In my research (for science, I must add) I came across this video(NSFW)
that correlates censorship of a realistic norm with plastic surgeries. It perfectly illustrates my point: With a skewed sense of what is normal, when supernatural images enter our reality, we start to feel self-conscious and ashamed about who they are. The brushes of Photoshop have a far wider reach than the computer. Images are never just images.
What are the consequences…
Reality is being supplemented by virtual attractors and material reality gravitates towards these Ideals. Yet, since our current ideals of ours are unattainable, our idea of what we think should look like and how we humans actually are can never overlap. This causes an endless cycle of wanting to change. In other words, in comparison to the skewed norm, we can’t accept how we are right now.

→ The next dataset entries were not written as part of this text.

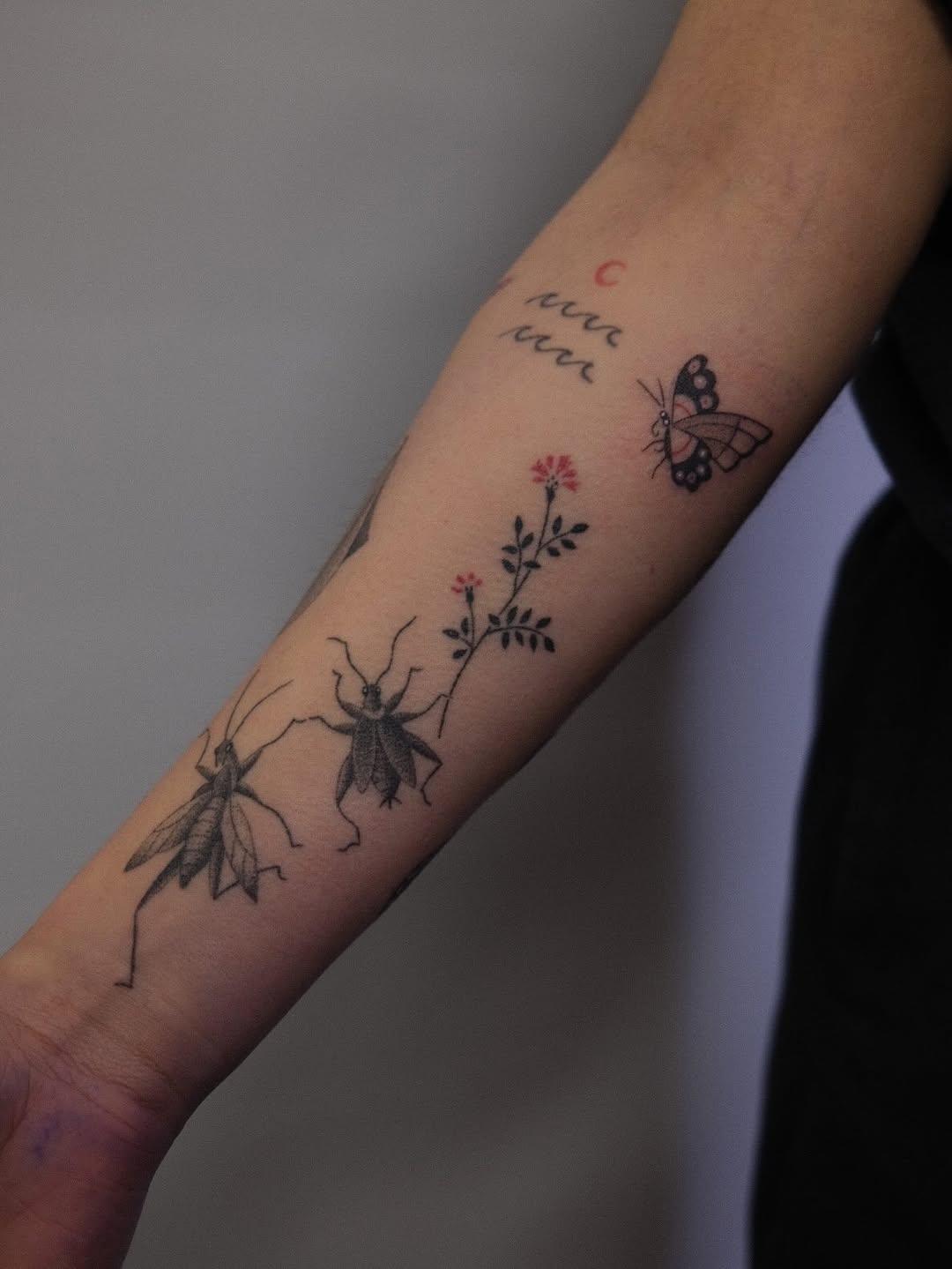Tatouage Insectes dansants et serpent cicatrisés — giulialaggiu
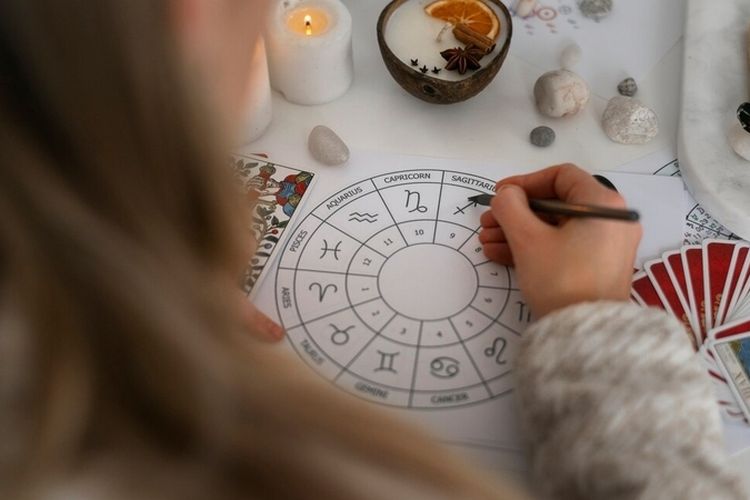 3 zodiak yang akan alami keberuntungan mulai 5 Desember 2025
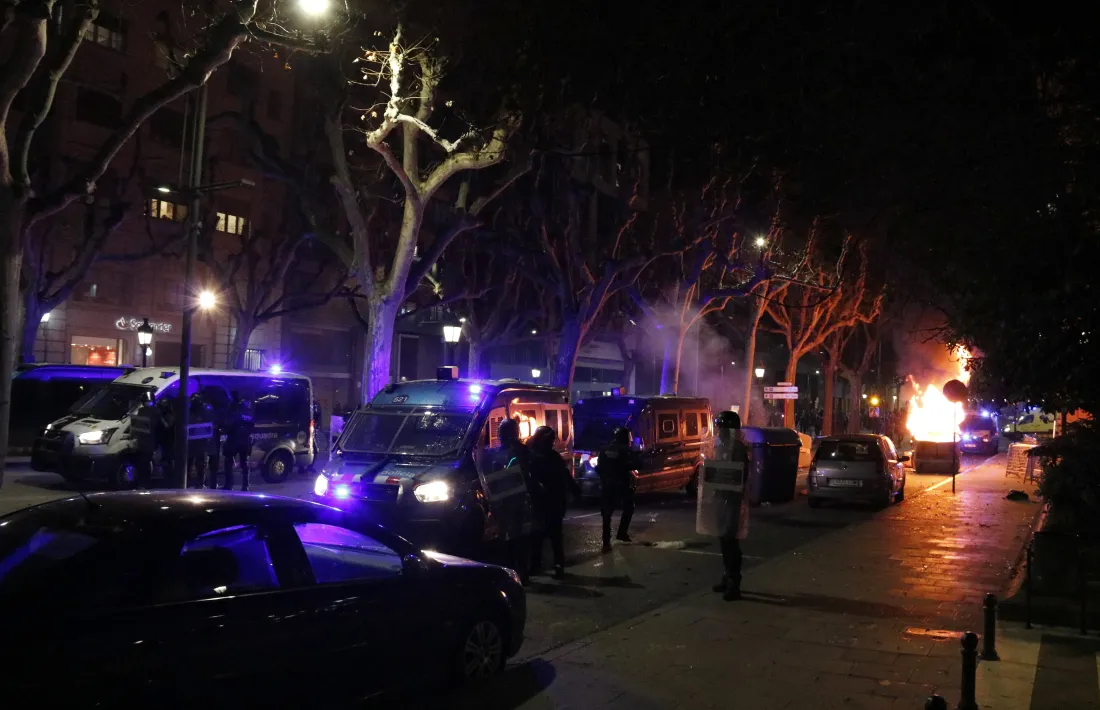 Crema d'un contenidor a la Rambla Ferran de Lleida, ahir.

An often overlooked effect is how this social conditioning effects the way we treat eachother. Once we start changing the way we look, we in effect become role models, who in turn influence others, and so on. Not only that, we also judge others who don’t fit our shared, but skewed, norm. Peer pressure creates a ripple effect through society, making us partners of the advertising industry.
Whereas we used to compare our looks with real people around us, now we have to compete with images that are beyond the physical. And don’t be fooled, this is a very lucrative business. Most women magazines never publish a critical piece about the cosmetic industry, nor do men magazines criticize the fitness enterprize. If they would, they would lose their advertising income. So, in effect, their whole consumer industry is based on the simple formula: creating a problem (your looks) while providing the solution (their products.)
There is thus a huge incentive to make you feel inadequate. Even when your body is fit and healthy, there is still money to be made if you believe something is wrong with you. And this is what they subconsciously tell you, day in, day out. We aren’t made to distinguish between real and virtual images, and so we can not help but believe what we are told. Hence the result, a culture saturated with self-loathing and psychological eating disorders.
What can we do to stop this…
1. Make sure you consciously stop comparing yourself with the virtual x-axis and y-axis. Compare yourself with actual reality, your friends, your family, and see that we are all perfect in our imperfectness.
2. Get rid of all influences that skew the norm. Throw away photoshopped magazines, don’t look at commercials, look for the negation of life itself in the soulless masks. See how they structure reality and thereby break the magic spells. Also understand that subconsciously, you are powerless to their tricks. Want to feel more adequate? Don’t give the cosmetic industry a chance to lure you in their endless cycle of not being able to live up to their beauty ideal.
3. Once you stopped comparing yourself, stop judging others as well. Stop functioning as a panopticon. Don’t fight each other, fight the oppressive system.
4. Look into the mirror and say ‘I am beautiful‘. Why? Because you are a beautiful living and breathing organism, honed by millions of years of evolution, capable of a kaleidoscope of feelings and creativity, unhindered by the way you look. You are beautiful and it has to be said.
5. If you want to change something about yourself? My advice, don’t do it. In 50 years time it will be seen as a cultural fluke, a temporary excess, an overflowing of material values. “How on earth did people believe that?”
6., True beauty lies underneath the mask, it is not the mask itself. There is nothing more beautiful than a healthy and happy person, radiating compassion and warmth. No amount of botox or mascara changes that. Make sure you are beautiful from the inside, because the documentary was right, external beauty is only limitedly preserved.